TB: Ooh, I dunno. I can’t speak for that, cause all those ideas… I’m sure I got them from somewhere. If you listen to enough James Brown or whoever, even if you’re the most unfunky person in the world, it’s gonna seep in. And if you listen to Julius and Threadgill and these guys, they had all these crazy grooves.
I met Bill Frisell in France when he was on tour with Paul Motian. We did a couple of duo tours and we did a duo record called Theoretically. My friend Jon Rosenberg called and said he had free studio time, so that’s when Bill and I made that record. We just started pulling out tunes, he had some stuff, I had some stuff. And it was really fun, it was one of the most fun recordings. No pressure. It kind of predates Fulton Street Maul’s ideas. It’s when I first started going that way, the electric stuff. That kind of orchestrated, electric sound.
EI: There’s something electric and rocking out a little bit on all the records with Joey Baron. Even Hank Roberts is like that in a certain way.
TB: Using the cello is a way to get an orchestral sound, and then sort of disguise the bass idea, and dismantle normal rhythm section things. I kind of like disguising it, having the flexibility. I think it creates the opportunity to kind of transcend styles easier. I never thought, “This is going to be rock, this is going to be jazz.” I just thought in terms of the sound, the personality. I know taking away the bass opens up things for drummers sonically. When you take that away it’s powerful. The dynamic range gets really big.
EI: Alto and trumpet, of course, is a special combination in the music. And Tim Berne with Herb Robertson is one of the classics!
TB: A lot of those decisions were based on the people, not so much like, “Oh, I gotta find a trumpet player.” It might not have been my first choice instrument-wise, but you just find these people that you can play with. It’s so rare, where it’s just this magic thing.
A lot of people probably compared it to Ornette and Don, but that was the last thing on my mind. It was just someone I can actually play with, and someone who actually wants to play with me.
I met Herb at a session. It was an improv thing, and I think it might have been 1980. I remember looking at him across the room and we were really, clearly hooking up, musically. So, soon after that I got a gig and I started using him. I did some sextet stuff with him, Mack Goldsbury, Paul, Ed, Ray Anderson. There’s a record from that. And then eventually it became a quartet with Herb, Paul, and Ed, and I did my first tour and did a record with that group.
EI: Well, the way you phrase the melodies together is great.
TB: Yeah, yeah. I learned a lot from Herb. He had been around. He had a lot of experience. So things like phrasing, all that stuff. Reading music, even. I learned from him.
EI: He’s got such a phenomenal way of improvising.

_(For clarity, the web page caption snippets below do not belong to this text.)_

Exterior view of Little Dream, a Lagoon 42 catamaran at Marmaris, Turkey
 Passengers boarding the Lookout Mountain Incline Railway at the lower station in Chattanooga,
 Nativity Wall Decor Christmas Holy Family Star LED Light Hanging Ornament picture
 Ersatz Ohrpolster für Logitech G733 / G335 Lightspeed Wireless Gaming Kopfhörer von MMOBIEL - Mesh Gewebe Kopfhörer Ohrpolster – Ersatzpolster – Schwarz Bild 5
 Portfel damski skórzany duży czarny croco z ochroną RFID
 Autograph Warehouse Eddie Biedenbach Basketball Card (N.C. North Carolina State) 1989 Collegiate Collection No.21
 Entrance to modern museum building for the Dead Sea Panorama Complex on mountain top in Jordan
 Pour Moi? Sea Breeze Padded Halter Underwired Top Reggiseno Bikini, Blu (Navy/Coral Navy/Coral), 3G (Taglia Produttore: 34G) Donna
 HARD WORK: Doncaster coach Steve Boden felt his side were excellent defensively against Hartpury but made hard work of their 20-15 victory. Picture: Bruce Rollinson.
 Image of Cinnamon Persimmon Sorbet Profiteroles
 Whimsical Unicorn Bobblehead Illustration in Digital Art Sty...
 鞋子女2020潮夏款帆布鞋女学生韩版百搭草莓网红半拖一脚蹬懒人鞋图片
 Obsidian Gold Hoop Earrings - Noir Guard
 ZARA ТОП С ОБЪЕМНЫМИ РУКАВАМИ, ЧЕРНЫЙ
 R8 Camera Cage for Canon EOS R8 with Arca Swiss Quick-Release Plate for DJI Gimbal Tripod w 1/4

TB: I can’t think of too many people I’ve toured with who really improvise. To the point where they’d rather fail than repeat themselves. Herb is always in that moment. I’ve done tours with him where it just blows my mind how creative he is over the period of a tour. How he can just sustain it no matter what else is going on. When he gets on stage, he’s just always able to come up with stuff.
EI: There’s something vaguely theatrical or madcap about Herb, too.
TB: Sure, sure. He kind of wears his emotions on his sleeve. You kind of get the Herb Robertson of that particular day. So if he’s bugged or if he’s happy, it’ll come out that night. You can count on it. That’s what makes him so special. One thing that makes him so special.
EI: There’s that record of his, Certified, where he sings every head at the end. There’s eight songs or whatever and he does a recap where he just sings all the heads really fast. That’s something else, man. Pure insanity.
What about Hank Roberts?
TB: I met Hank in ’77 maybe. There’s a guitar player from St. Louis named Kelvin Bell who brought us together somehow, since he knew I knew Julius. They both came over to my loft on Lawrence Street and we had a session. I know I did something for strings where I used Hank, some time in the early Eighties. And I remember playing trio with him and Joey Baron over at Joey’s house, right before they started doing Frisell. When I recorded Fulton Street Maul I asked Hank to do it with Alex and Bill. We did a gig in Vancouver before we did the record, and then we started working more. I just loved playing with Hank. Obviously, coming from Julius’s stuff, I just loved the cello, I always wanted to play with a cellist. And alto and cello is just a really killing combination. I always sort of patterned my sound on strings.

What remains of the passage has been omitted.